Matchhärte nach langer Verletzungspause aufbauen

Solche Matches, erklärte Draper, seien ein wichtiger Bestandteil, um nach Monaten ohne Wettkampf sowohl Selbstvertrauen als auch mentale Widerstandskraft wieder aufzubauen. „Heute hat es mir geholfen, tatsächlich drei Sätze zu spielen, länger draußen zu bleiben, Dinge auszuprobieren und in diesen mental schwierigen Situationen zu sein.

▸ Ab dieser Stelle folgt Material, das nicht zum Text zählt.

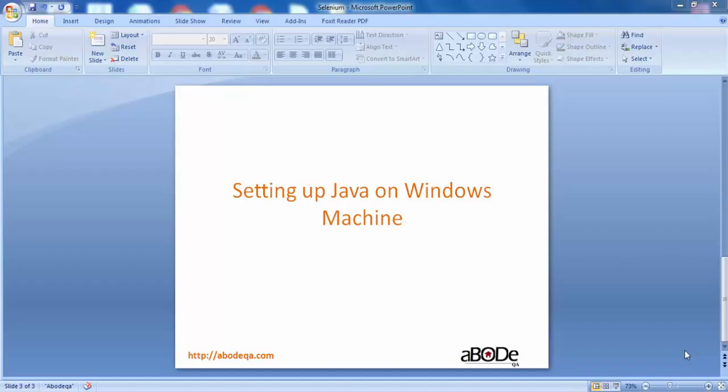Hi friends, welcome back to a new tutorial. In this tutorial we are going to see how to set up Java on a Windows machine. But before moving ahead with the installation process of Java on Windows, the very first thing is to check whether Java is pre-installed on your system or not.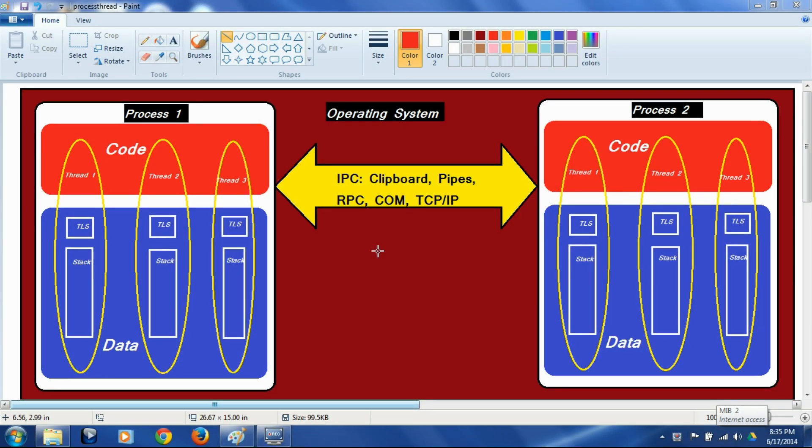In this session we are going to look into processes, threads and the need for synchronization.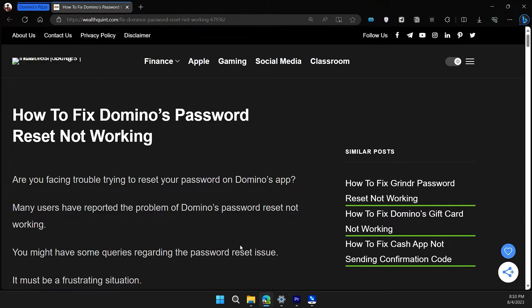Hello guys, welcome back to our channel. Today we are fixing the Domino password reset not working, so let's dive right into it.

Denn Breakbälle zu retten und gegen Widerstände im Match anzukämpfen, das Gefühl dabei kann man im Training kaum nachstellen.“
Der Brite ging auch auf Fragen zum Tape an seinem Knie während des Matches ein und stellte fest, dass kleinere körperliche Probleme nach einer langen Verletzungspause beim Weg zurück ins volle Training und in den Wettkampf häufig sind.
Die Konstanz über ein ganzes Match zu halten, bleibt eine der größten Herausforderungen bei seiner Rückkehr, insbesondere auf ATP-Masters-1000-Ebene, wo selbst kurze Aussetzer von erfahrenen Gegnern schnell bestraft werden. „Physisch bin ich noch ein Stück von dem entfernt, wo ich sein will, weil ich auf dem Trainingsplatz und im Matchbetrieb verlorene Zeit aufholen muss, aber ich bin auf dem richtigen Weg. Woche für Woche, Tag für Tag wird es für mich besser.“
Mit dem Sieg hält Draper seine Titelverteidigung bei einem der prestigeträchtigsten Events außerhalb der Grand Slams am Leben. Der britische Linkshänder will nun in der nächsten Runde weiteren Schwung aufnehmen, wo er auf den an Nummer 19 gesetzten Francisco Cerúndolo trifft.